* **Exercise inputs**
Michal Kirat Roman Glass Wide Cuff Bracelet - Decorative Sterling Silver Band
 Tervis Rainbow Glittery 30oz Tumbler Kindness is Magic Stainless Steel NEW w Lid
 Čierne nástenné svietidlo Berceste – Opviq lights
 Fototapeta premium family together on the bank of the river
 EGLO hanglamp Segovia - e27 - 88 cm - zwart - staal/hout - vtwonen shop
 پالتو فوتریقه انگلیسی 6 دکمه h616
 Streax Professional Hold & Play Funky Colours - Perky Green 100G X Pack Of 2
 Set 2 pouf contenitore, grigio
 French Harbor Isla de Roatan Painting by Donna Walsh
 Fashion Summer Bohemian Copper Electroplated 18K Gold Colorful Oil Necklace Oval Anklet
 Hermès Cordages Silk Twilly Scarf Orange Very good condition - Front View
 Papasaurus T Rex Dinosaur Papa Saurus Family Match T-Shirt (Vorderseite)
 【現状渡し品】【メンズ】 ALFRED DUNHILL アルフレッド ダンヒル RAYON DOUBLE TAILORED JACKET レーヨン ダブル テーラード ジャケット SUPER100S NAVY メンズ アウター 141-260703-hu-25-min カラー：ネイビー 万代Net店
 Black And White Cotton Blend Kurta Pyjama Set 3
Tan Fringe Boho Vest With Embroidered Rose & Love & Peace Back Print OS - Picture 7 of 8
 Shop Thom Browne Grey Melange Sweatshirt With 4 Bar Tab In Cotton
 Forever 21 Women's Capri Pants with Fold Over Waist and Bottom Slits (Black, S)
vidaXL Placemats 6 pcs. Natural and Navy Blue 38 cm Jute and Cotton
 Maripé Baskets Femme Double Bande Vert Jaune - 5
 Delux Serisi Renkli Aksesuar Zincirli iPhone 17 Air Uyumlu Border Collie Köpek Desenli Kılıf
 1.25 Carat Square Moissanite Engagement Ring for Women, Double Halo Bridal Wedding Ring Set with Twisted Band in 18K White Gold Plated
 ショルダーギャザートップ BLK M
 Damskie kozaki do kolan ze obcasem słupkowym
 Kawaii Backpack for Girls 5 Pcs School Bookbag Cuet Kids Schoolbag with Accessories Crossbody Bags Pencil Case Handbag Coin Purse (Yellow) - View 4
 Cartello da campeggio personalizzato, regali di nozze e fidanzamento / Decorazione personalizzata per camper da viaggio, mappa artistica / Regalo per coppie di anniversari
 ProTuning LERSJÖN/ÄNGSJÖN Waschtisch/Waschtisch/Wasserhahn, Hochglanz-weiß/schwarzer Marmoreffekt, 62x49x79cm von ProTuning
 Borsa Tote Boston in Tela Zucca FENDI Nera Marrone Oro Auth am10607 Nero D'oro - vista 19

* **Brief**
Exactly the lines from the one containing "Cartello da campeggio" through the final line above, and only those, should be given again.

* **Answer space**
 Cartello da campeggio personalizzato, regali di nozze e fidanzamento / Decorazione personalizzata per camper da viaggio, mappa artistica / Regalo per coppie di anniversari
 ProTuning LERSJÖN/ÄNGSJÖN Waschtisch/Waschtisch/Wasserhahn, Hochglanz-weiß/schwarzer Marmoreffekt, 62x49x79cm von ProTuning
 Borsa Tote Boston in Tela Zucca FENDI Nera Marrone Oro Auth am10607 Nero D'oro - vista 19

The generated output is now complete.